Monotonic Interpolation of Multivariate Data

This function employs cnspla to compute a spline interpolant of independent variable data ${\bf X}\in{\rm R}^n$ and dependent variable data ${\bf Z}\in{\rm R}^1$. For a given set of independent variable data ${\bf X}_\ell=(x_{1,\ell},\cdots,x_{n,\ell})$ and dependent variable data $z_\ell$, for $\ell=1,\ldots,N$, this function computes the spline

\[ s({\bf X}) = \sum_{j_n=1}^{m_n}\cdots\sum_{j_1=1}^{m_1}\alpha_{j_1,\ldots,j_n}B_{d_1,j_1}(x_1|{\bf\Lambda}_1)\cdots B_{d_n,j_n}(x_n|{\bf\Lambda_n}) \]

that minimizes

\[ F^{(2)}(s({\bf X})) = \sum_{k=1}^n\left[\int_R\left(\partial^2 s({\bf X})\over\partial^2 x_k\right)^2dR + 2.0\sum_{l=k+1}^n\int_R\left(\partial^2 s({\bf X})\over\partial x_k \partial x_l\right)^2dR\right] \]

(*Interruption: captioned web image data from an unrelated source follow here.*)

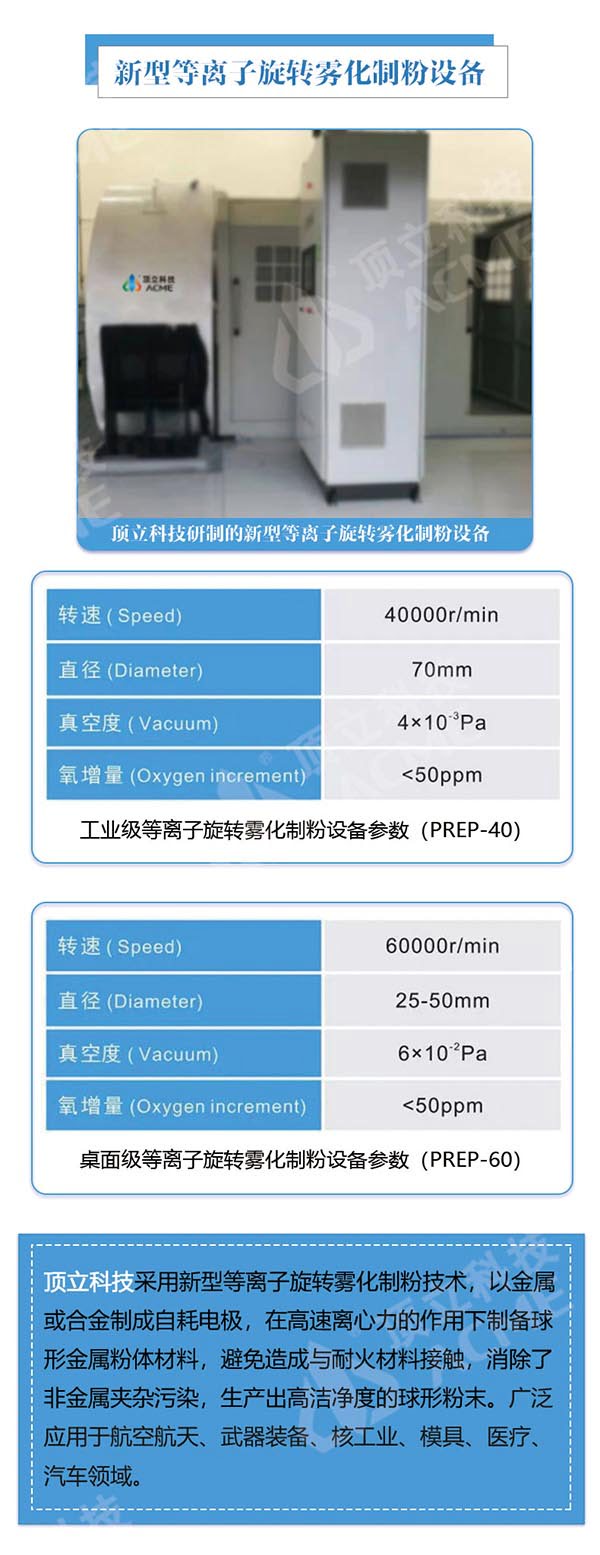 金屬3D打印粉末制備利器---等離子旋轉(zhuǎn)霧化制粉設備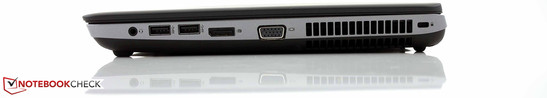 rechts: Audio Kombo, 2x USB 3.0, DisplayPort, VGA D-Sub, Kensington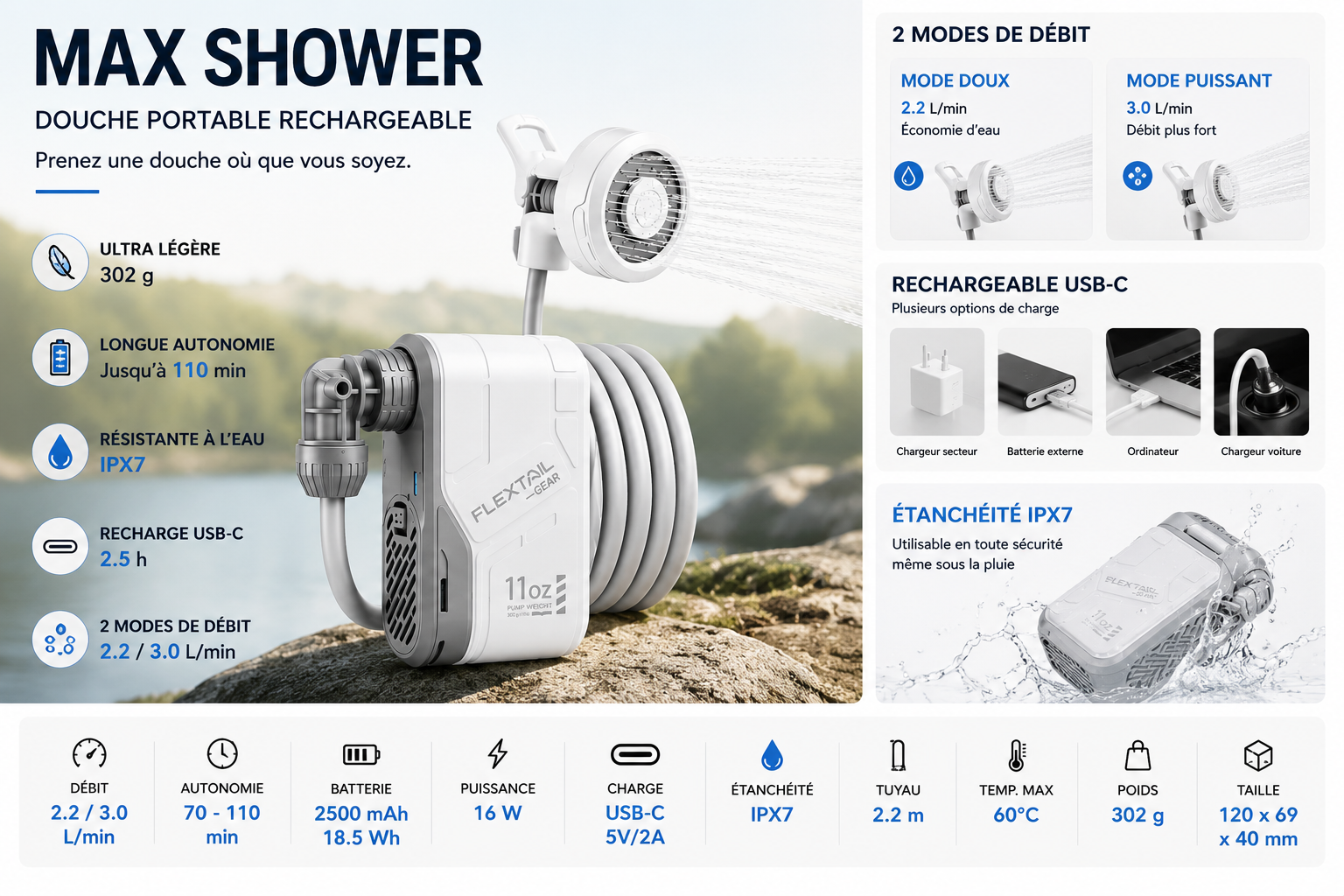 Douche Portable Rechargeable USB-C IPX7 – Pompe de Camping Haute Pression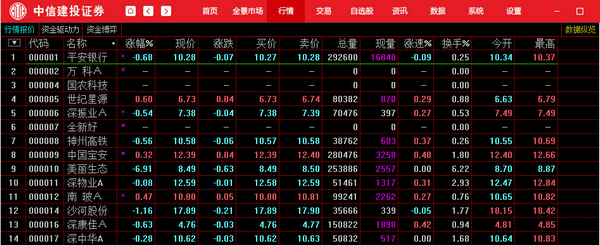 中信证券网上交易(中信证券网上交易至信版)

subject to the interpolation constraints

\[ s({\bf X}_\ell) = z_\ell \]

for $\ell=1,\ldots,N$. The integration region $R = [x^L_1,x^U_1] \times [x^L_2,x^U_2] \times\cdots\times [x^L_n,x^U_n]$ where $x^L_k=\min_\ell\lbrace{x_{k,\ell}\rbrace}$ and $x^U_k=\max_\ell\lbrace{x_{k,\ell}\rbrace}$, for $1\le k\le n$. This function also imposes constraints on the first order partials ${\partial s({\bf X})\over \partial x_k}$ for all $1\le k\le n$. These constraints are known as the local monotonicity constraints and they are defined by AMA_MltvConreg().

In the above definition of $s({\bf X})$ the $\alpha_{j_1,\ldots,j_n}$, for $j_k=1,\ldots,m_k$ and $1\le k\le n$, are the coefficients of the tensor product B-splines

\[ \Phi_{j_1,\ldots,j_n}({\bf X}) = B_{d_1,j_1}(x_1|{\bf\Lambda}_1)\cdots B_{d_n,j_n}(x_n|{\bf\Lambda}_n) \]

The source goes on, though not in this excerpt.